Animal control rules get updated
A “fowl” duty will no longer be the responsibility of the Sonoma Planning Commission when the City Council adopts new regulations for the control of animals at an upcoming meeting.
Chickens will no longer need a license from the commission to reside in the city, nor will bees and rabbits. And the commission will no longer determine if a lot size is adequate to accommodate a fourth dog, or hear appeals regarding all of the above.
The changes, which will appear in the Municipal Code, include streamlining, process modifications and deletion of obsolete references, such as the proper width for a hitching post. They were unanimously adopted by the Planning Commission at a recent meeting.
The recommendations were developed after the council, last year, considered adding a section to animal regulations prohibiting vicious dogs. At a council meeting, Bob Edwards, of Sonoma Valley Dog Owners and Guardians, argued that “there are no vicious dogs in Sonoma.” He said most bites reported are from chihuahuas. Nevertheless, the ordinance will now provide a definition of what constitutes a vicious or potentially dangerous dog, and establishes procedures for governing them. Exemptions are also provided.

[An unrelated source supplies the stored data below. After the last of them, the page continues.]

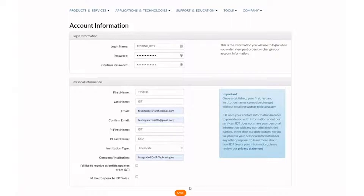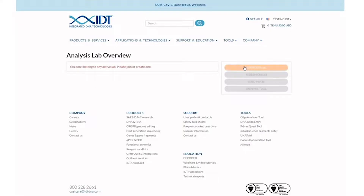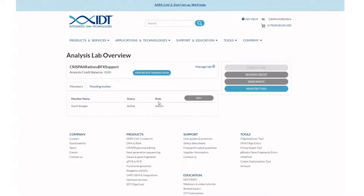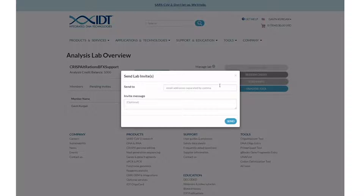Once you set up an IDT account, you will name the lab where all your data and analysis credits will be stored. Click the create a lab button to give a unique name to your lab. You can invite collaborators, colleagues, and students to your analysis lab using the send invite button.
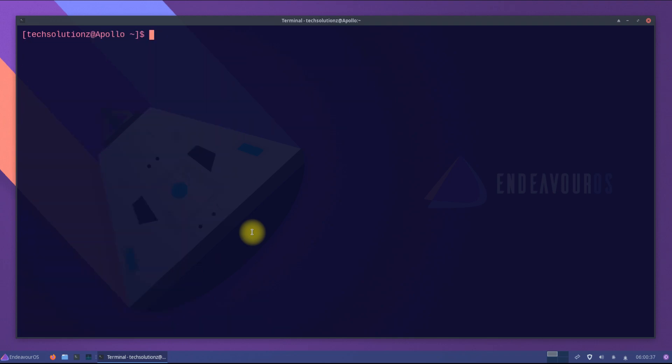After installing on EndeavourOS 22.1 Apollo, you must reboot your operating system now.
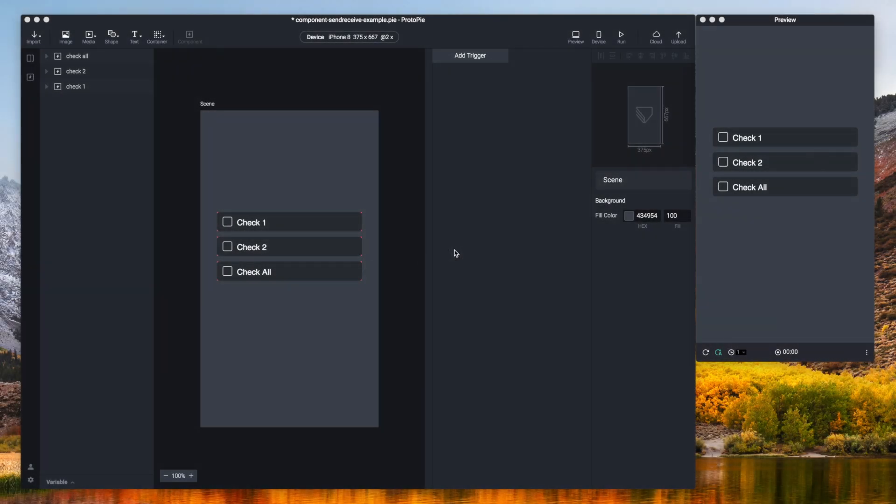Hey guys, welcome back to another tutorial video. My name is Fredo and today I'm going to continue the discussion about components.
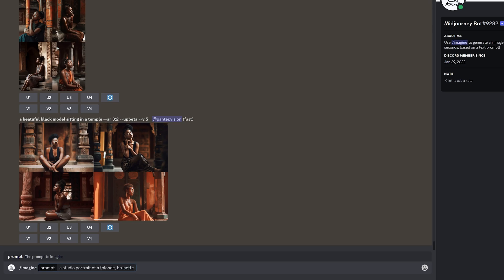So we got like two models. I'm going to go with close bracket. So it's going to generate like a blonde model and a brunette model. Model, I'm going to add like that. I don't know, dressed in kimono.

Assisting the police in developing the Municipal Code changes were SVDOG and Pets Lifeline. Last February, Edwards presented the City Council with 23 modifications his group wanted to include in the ordinance. Although the Council did not take official action, those changes were also considered when preparing the new regulations.
Police Chief Bret Sackett said that, within the city limits, there are currently 10 permits for chickens, two for bees and none for rabbits. Instead of requiring a permit in the future, staff will rely on standards of care that are set up in the zoning regulations.

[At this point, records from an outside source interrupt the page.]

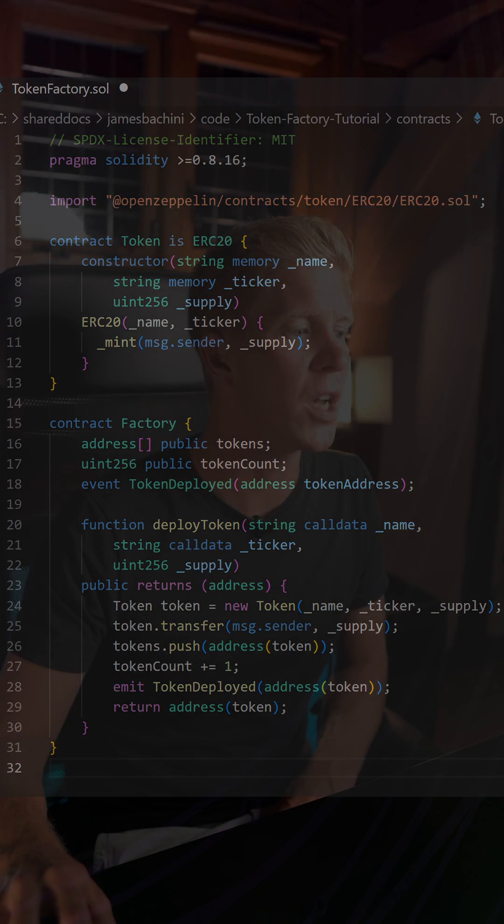In effect, we've created a factory contract which is able to go live on the Ethereum mainnet somewhere and run off ERC20 compatible tokens for anyone that wants one using just a name, a ticker symbol, and a total supply.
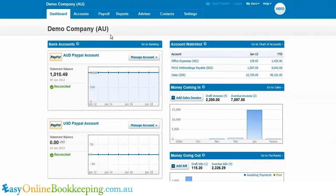Transferring between accounts in Xero where there's multi-currency can get a little bit confusing and the feeds can sometimes be difficult to set up. If you do need any help, please don't hesitate to contact me on my website easyonlinebookkeeping.com.au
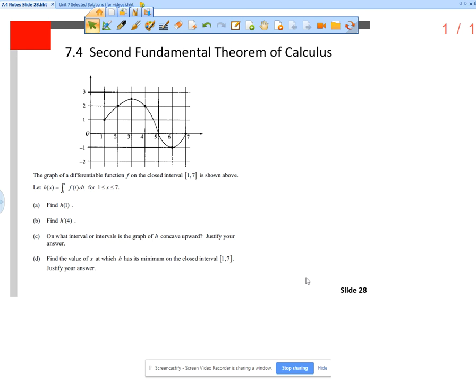This is the notes video for section 7.4, slide number 28. The graph of a differentiable function f on the closed interval 1 to 7 is shown above — this is a graph of f. Let h of x equal the definite integral from 1 to x of f of t dt.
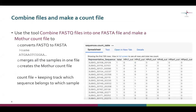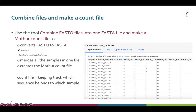Next, we will combine all our sample-specific FASTQ files into one file. This is done with a tool that first converts FASTQ files into FASTA format, so we get rid of the quality scores — we have already done the trimming and filtering based on them and no longer need them. The FASTA file contains only the name of the sequence read and the nucleotide sequence for each read. This tool also merges all the samples into one file and creates a count file. The count file is how mothur keeps track of which sequence belongs to which sample.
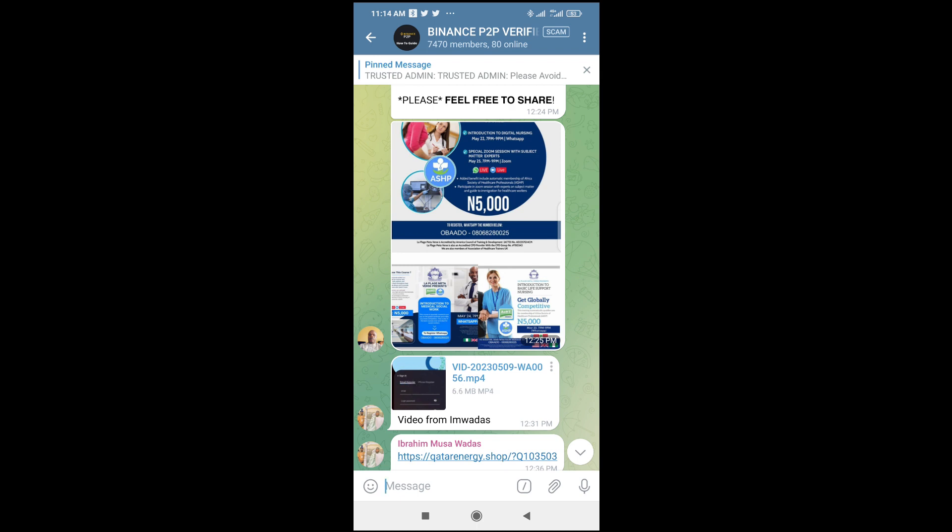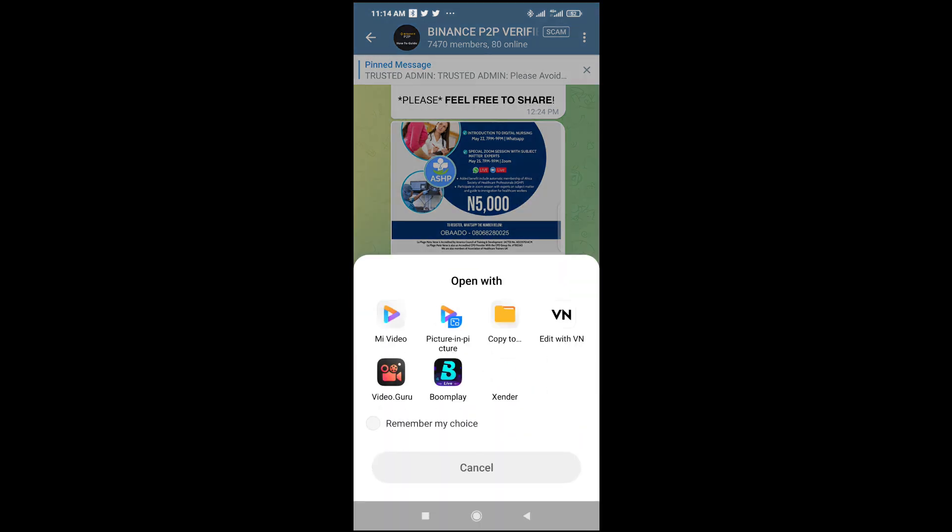Right now, as you can see, the video file has been downloaded. The next thing to do is click on the video file so it can play. Then, as you can see, 'Open with' appears. You can select any video app on your phone. I'll use Mi Video.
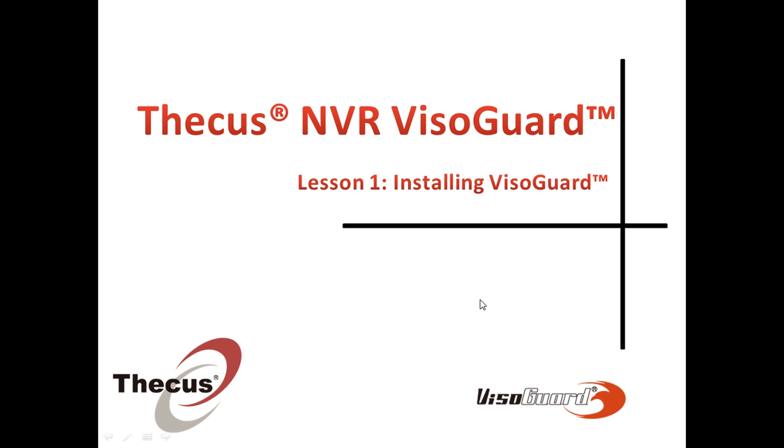Welcome to the CQS NVR VisoGuard video tutorial. We're going to learn how to install VisoGuard on your computer.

“We feel there is little risk, but we can abate a use if it is problematic,” he said.
One of the major revisions to the code will be the designation of a hearing officer to hear requests for a fourth dog or cat, or to review appeals. In the past, requests for a fourth animal (the code allows three), came before the Planning Commission. The hearing officer could be a volunteer with animal expertise, or a professional hired on an occasional, per diem basis.
Other new sections cover such topics as public noticing, prohibited conduct, exotic animal permits, bite notification, picking up waste, and unattended animals left in hot cars.
Another revision reduces the leash length from eight feet to six feet, and the nuisance requirement from “barking and howling heard more than 100 feet away,” to “barking and howling that interferes with the reasonable use and enjoyment of private residential property.”
Commissioners suggested adding a section that pertains to where dogs can be walked downtown. Currently, dogs are prohibited in the Plaza, except on the perimeter sidewalk. Others brought up concerns about sheep used for weed control, and the Clydesdales on Spain Street, which are a permitted non-conforming use.
The Code section covers all animals within the city limits.